We'll start by defining a couple of useful verbs. In J, functions are called verbs. They can be monads or dyads, these are not the 'haskell' version of a monad, but refer to the number of arguments taken in by the verb.
For example, the monad version of #
counts the elements of a list. The verb i.

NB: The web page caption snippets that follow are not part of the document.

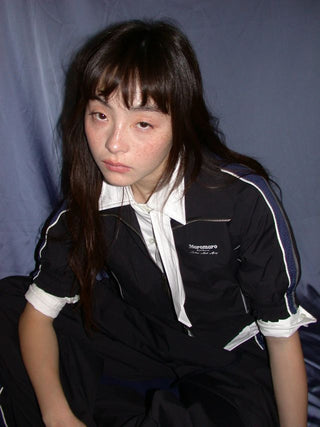 [moromoro2] Line Zip-up Track Jacket/Pants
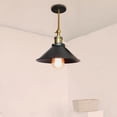 thumbnail image 2 of Juego de 2 lámparas de pared interiores retro luces industriales iluminación de hierro dormitorio pasillo restaurante negro, 2 of 4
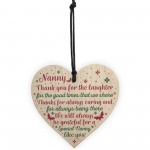 Nanny Gifts For Christmas Heart Thank You Nan Birthday Gift Sign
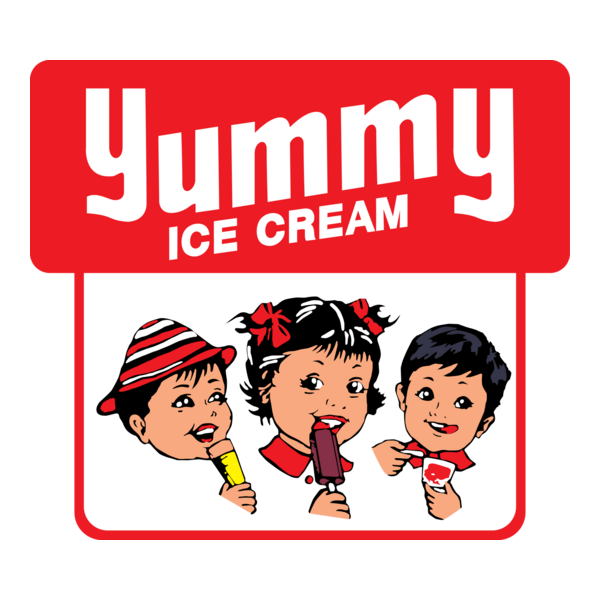 Yummy Ice Cream Logo PNG Vector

with a numeric argument i. 10
generates 0 1 2 3 4 5 6 7 8 9
which we can then count.
# i. 10
10
But the dyad version copies the right argument 'left argument' number of times.
2 # 10
10 10
I want to make some useful verbs for data analysis. Being a lover of the pydata stack, I often use pandas to work with dataframes (inspired by R dataframes). In that spirit, I've named my data array df
which was loaded using the 'csv' library in J.
We can define a verb head
which is dyadic and takes the number of columns and the dataframe. By using the ranked selector operation {
we can index into the dataframe and start exploring our data.
Notice thaty
is the right argument (only argument in the monadic case) andx
is the left argument.
head =: dyad : '(i. x) { y'
5 head df
┌──────────┬──────┬─────────────┬───────┬──────────┬──────┬────────────┬────────────────┬───────────────┬──────────────┬────────────┬────────────────┬───────────┬───────────┬───────────────┬──────────────┬────────────────┬─────────────────────────┬────────... │customerID│gender│SeniorCitizen│Partner│Dependents│tenure│PhoneService│MultipleLines │InternetService│OnlineSecurity│OnlineBackup│DeviceProtection│TechSupport│StreamingTV│StreamingMovies│Contract │PaperlessBilling│PaymentMethod │MonthlyC... ├──────────┼──────┼─────────────┼───────┼──────────┼──────┼────────────┼────────────────┼───────────────┼──────────────┼────────────┼────────────────┼───────────┼───────────┼───────────────┼──────────────┼────────────────┼─────────────────────────┼────────... │7590-VHVEG│Female│0 │Yes │No │1 │No │No phone service│DSL │No │Yes │No │No │No │No │Month-to-month│Yes │Electronic check │29.85 ... ├──────────┼──────┼─────────────┼───────┼──────────┼──────┼────────────┼────────────────┼───────────────┼──────────────┼────────────┼────────────────┼───────────┼───────────┼───────────────┼──────────────┼────────────────┼─────────────────────────┼────────... │5575-GNVDE│Male │0 │No │No │34 │Yes │No │DSL │Yes │No │Yes │No │No │No │One year │No │Mailed check │56.95 ... ├──────────┼──────┼─────────────┼───────┼──────────┼──────┼────────────┼────────────────┼───────────────┼──────────────┼────────────┼────────────────┼───────────┼───────────┼───────────────┼──────────────┼────────────────┼─────────────────────────┼────────... │3668-QPYBK│Male │0 │No │No │2 │Yes │No │DSL │Yes │Yes │No │No │No │No │Month-to-month│Yes │Mailed check │53.85 ... ├──────────┼──────┼─────────────┼───────┼──────────┼──────┼────────────┼────────────────┼───────────────┼──────────────┼────────────┼────────────────┼───────────┼───────────┼───────────────┼──────────────┼────────────────┼─────────────────────────┼────────... │7795-CFOCW│Male │0 │No │No │45 │No │No phone service│DSL │Yes │No │Yes │Yes │No │No │One year │No │Bank transfer (automatic)│42.3 ... └──────────┴──────┴─────────────┴───────┴──────────┴──────┴────────────┴────────────────┴───────────────┴──────────────┴────────────┴────────────────┴───────────┴───────────┴───────────────┴──────────────┴────────────────┴─────────────────────────┴────────...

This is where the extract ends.